##### Material to process

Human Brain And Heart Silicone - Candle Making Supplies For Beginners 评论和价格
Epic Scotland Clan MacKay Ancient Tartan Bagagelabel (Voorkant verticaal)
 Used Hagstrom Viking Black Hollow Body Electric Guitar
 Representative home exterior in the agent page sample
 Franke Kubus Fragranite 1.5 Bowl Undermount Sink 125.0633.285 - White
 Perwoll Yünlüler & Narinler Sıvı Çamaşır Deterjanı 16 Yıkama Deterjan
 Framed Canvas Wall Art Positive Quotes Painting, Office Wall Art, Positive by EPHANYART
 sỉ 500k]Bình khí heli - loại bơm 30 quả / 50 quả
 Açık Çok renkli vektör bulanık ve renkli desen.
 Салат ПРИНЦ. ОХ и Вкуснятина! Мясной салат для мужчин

##########

**Exercise objective:** Reproduce exactly the section above that begins at the line containing "Franke Kubus Fragranite" and ends at the line containing "sỉ 500k]Bình khí", leaving out all other lines.

**Exercise output:**
 Franke Kubus Fragranite 1.5 Bowl Undermount Sink 125.0633.285 - White
 Perwoll Yünlüler & Narinler Sıvı Çamaşır Deterjanı 16 Yıkama Deterjan
 Framed Canvas Wall Art Positive Quotes Painting, Office Wall Art, Positive by EPHANYART
 sỉ 500k]Bình khí heli - loại bơm 30 quả / 50 quả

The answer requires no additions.